Définition du (online) community manager : plus qu'un simple animateur de communauté sur le web, il est un véritable partenaire de marque sur l'internet social. De l'origine de la stratégie communautaire à la réalisation purement opérationnelle, il est en charge d'une communication alternative sur les miroirs sociaux que peuvent être les blogs, les réseaux sociaux ou encore les forums. Leader d'opinion, c'est aussi un ambassadeur privilégié.

Second anglicisme de ce titre, freelance : Au moyen-âge, lorsque les chevaliers battaient la campagne et que les combats se faisaient à dos de cheval avec un long bout de bois appelé lance, les mercenaires de l'époque étaient appelés « free lances ».Aujourd'hui, freelance peut désigner un écrivain, un graphiste, un développeur, etc. Les freelances sont des personnes offrant leurs services à des employeurs sans qu'il n'y ait d'accord à long terme entre eux. Ils sont généralement rémunérés à l'heure, au jour ou à la mission et travaillent bien souvent seuls (source : biologeek).

D'autres avant moi, se sont essayés à étayer les bénéfices d'être en freelance. Je m'attarderai donc plus précisément sur l'intérêt pour un acteur web 2, pour un community manager.
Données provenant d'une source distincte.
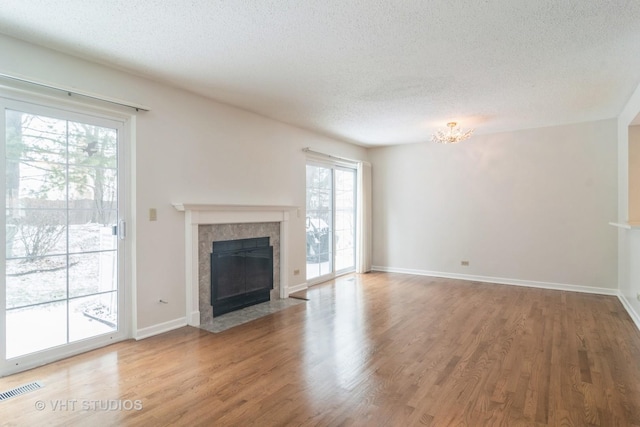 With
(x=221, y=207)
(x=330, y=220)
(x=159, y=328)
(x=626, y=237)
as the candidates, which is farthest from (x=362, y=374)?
(x=626, y=237)

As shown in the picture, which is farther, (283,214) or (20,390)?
(283,214)

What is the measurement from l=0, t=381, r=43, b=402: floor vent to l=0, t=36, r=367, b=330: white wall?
965 mm

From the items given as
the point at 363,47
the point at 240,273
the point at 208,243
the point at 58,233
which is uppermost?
the point at 363,47

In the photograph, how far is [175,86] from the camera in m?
3.68

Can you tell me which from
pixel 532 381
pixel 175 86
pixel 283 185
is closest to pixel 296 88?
pixel 175 86

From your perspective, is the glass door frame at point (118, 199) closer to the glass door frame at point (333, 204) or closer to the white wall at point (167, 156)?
the white wall at point (167, 156)

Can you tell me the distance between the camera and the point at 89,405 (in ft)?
7.39

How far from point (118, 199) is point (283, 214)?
2218 millimetres

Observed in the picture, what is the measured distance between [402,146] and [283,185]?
2932 mm

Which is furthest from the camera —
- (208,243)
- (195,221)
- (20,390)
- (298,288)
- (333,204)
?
(333,204)

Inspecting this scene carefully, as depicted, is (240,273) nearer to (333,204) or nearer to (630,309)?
(333,204)

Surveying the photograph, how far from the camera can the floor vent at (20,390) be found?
7.69ft

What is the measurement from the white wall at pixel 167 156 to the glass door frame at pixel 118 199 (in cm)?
9

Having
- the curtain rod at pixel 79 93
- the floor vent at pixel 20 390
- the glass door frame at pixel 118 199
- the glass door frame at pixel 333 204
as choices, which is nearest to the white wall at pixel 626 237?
the glass door frame at pixel 333 204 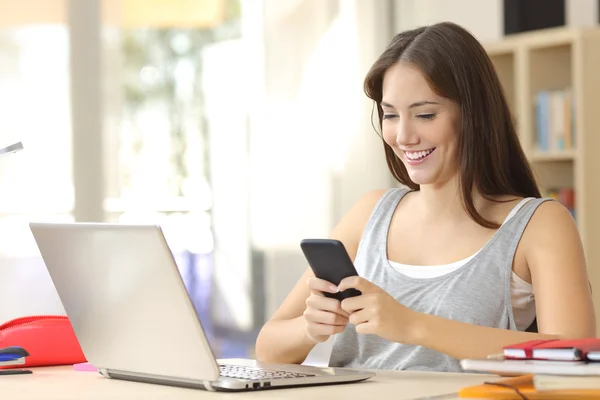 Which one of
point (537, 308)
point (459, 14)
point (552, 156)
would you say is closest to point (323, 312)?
point (537, 308)

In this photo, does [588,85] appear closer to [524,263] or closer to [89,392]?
[524,263]

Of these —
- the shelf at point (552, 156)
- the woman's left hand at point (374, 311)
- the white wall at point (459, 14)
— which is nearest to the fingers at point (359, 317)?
the woman's left hand at point (374, 311)

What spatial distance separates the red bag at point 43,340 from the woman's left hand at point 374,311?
0.59 meters

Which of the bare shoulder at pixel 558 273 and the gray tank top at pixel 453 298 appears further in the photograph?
the gray tank top at pixel 453 298

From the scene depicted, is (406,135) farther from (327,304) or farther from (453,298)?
(327,304)

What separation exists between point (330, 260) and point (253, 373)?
216 millimetres

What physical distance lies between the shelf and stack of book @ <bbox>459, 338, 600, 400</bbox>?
2733 mm

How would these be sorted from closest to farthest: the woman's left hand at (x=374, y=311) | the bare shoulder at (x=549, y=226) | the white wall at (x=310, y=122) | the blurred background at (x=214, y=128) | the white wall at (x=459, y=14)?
the woman's left hand at (x=374, y=311) < the bare shoulder at (x=549, y=226) < the blurred background at (x=214, y=128) < the white wall at (x=310, y=122) < the white wall at (x=459, y=14)

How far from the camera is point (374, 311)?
5.22 ft

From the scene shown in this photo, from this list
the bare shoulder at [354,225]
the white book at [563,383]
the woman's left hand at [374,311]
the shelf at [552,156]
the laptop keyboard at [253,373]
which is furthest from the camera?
the shelf at [552,156]

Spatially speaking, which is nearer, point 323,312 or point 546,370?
point 546,370

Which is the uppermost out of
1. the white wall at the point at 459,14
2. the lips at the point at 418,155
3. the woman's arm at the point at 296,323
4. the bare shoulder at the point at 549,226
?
the white wall at the point at 459,14

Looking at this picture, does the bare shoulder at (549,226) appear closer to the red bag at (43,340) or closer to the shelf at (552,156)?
the red bag at (43,340)

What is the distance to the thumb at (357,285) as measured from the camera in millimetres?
1562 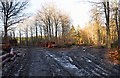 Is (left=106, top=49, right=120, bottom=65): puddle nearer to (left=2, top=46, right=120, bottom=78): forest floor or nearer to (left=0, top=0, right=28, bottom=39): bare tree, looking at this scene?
(left=2, top=46, right=120, bottom=78): forest floor

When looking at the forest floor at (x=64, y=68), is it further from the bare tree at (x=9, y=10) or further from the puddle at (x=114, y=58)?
the bare tree at (x=9, y=10)

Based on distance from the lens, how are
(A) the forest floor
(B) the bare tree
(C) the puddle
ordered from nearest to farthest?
(A) the forest floor, (C) the puddle, (B) the bare tree

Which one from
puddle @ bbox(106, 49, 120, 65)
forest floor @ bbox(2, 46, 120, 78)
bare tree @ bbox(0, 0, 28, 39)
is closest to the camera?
forest floor @ bbox(2, 46, 120, 78)

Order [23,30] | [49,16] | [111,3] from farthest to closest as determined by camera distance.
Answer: [23,30] → [49,16] → [111,3]

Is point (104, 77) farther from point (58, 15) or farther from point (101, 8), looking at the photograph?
point (58, 15)

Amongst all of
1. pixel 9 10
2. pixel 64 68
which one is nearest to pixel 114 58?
pixel 64 68

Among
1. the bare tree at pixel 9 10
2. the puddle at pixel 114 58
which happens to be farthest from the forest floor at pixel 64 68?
the bare tree at pixel 9 10

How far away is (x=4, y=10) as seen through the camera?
35344mm

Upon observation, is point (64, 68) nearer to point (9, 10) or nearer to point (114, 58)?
point (114, 58)

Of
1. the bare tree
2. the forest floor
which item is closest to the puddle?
the forest floor

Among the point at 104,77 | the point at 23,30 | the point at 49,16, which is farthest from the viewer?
the point at 23,30

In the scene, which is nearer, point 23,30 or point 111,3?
point 111,3

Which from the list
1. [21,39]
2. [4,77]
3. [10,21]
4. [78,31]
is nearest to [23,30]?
[21,39]

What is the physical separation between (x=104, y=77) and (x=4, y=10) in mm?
28958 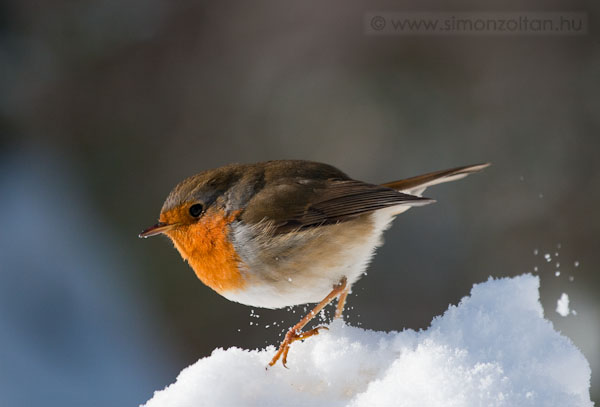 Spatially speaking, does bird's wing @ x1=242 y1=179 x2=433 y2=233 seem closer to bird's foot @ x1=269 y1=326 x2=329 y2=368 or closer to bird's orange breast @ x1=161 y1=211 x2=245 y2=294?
bird's orange breast @ x1=161 y1=211 x2=245 y2=294

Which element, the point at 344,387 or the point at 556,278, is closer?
the point at 344,387

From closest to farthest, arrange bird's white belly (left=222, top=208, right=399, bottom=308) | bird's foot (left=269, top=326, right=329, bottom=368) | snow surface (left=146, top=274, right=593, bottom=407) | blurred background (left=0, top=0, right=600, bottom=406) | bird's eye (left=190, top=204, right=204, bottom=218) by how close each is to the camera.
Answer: snow surface (left=146, top=274, right=593, bottom=407), bird's foot (left=269, top=326, right=329, bottom=368), bird's white belly (left=222, top=208, right=399, bottom=308), bird's eye (left=190, top=204, right=204, bottom=218), blurred background (left=0, top=0, right=600, bottom=406)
Pour se faire, je vais tenter de répondre aux questions les plus simples qu'ils soient:

Pourquoi un community manager doit-il se lancer en freelance ?

  • Le community management est une profession en vogue. Les opportunités d'affaire vont donc croissant.
  • Les agences facturent jusqu'à 500€ la journée de travail. On peut imaginer que n'ayant que très peu de frais de structure, de charges sociales et autres frais de communication, un indépendant peut être compétitif en s'y retrouvant pas mal aussi.
  • Un community manager est souvent en charge de plusieurs comptes (marques) à la fois, il n'a donc pas de nécessité d'appartenir à une entité propre.
  • Un community manager doit développer sa créativité. En freelance, cette dernière ne pourra être bridée (dès lors qu'elle porte ses fruits).

Comment se jeter dans le grand bain?

  • Se déclarer auto entrepreneur des métiers des services et ainsi bénéficier d'une exonération d'impôts jusqu'à 32.000€ de CA annuels (soit plus de 2600€ mensuel, un bon début si on considère l'absence quasi totale de charges)
  • Garder de bonnes relations avec ses anciennes agences. Un ex-employeur satisfait peut rapidement se mouvoir en un client rentable. Vous pourrez ainsi continuer votre travail dans une relation gagnant-gagnant (plus de rémunération pour vous, moins de charges salariales pour elles)
  • Développer ses compétences. Un freelance, par définition est livré à lui même. Et le travaille qu'il n'est pas capable d'accomplir, il devra le sous traiter. Et donc, réduire ses marges bénéficiaires. Il est donc important d'élargir l'éventail de ses compétences afin d'être au plus près des attentes clients. Cependant, il est important de garder en tête son cœur de métier et ne pas trop se disperser pour garder une image "d'expert".

Quand juger qu'il est temps?

  • Si on considère la conjoncture, le plus tôt sera le mieux...
  • Malgré tout, se jeter à corps perdu dans une aventure sans avoir l'expérience et le recul nécessaire peut s'avérer dangereux et contre productif. Attendez donc d'avoir un background suffisant ainsi qu'une certaine légitimité au regard de la profession.

Enfin, ce n'est par parce que l'on est un freelance que l'on doit vivre en autarcie. Il est donc essentiel de continuer d'échanger, de partager sans omettre de déléguer aux plus compétents. En tant qu'acteur 2.0 nous faisons tous partie d'une communauté large et profonde. Aussi bien d'un point de vue qualitatif que quantitatif. Ne considérez donc moins vos pairs comme des concurrents que comme des alliés potentiels. Je terminerai avec une phrase que j'aime à croire de moi : sur l'internet social 1 + 1 = 3. A méditer pour les plus individualistes.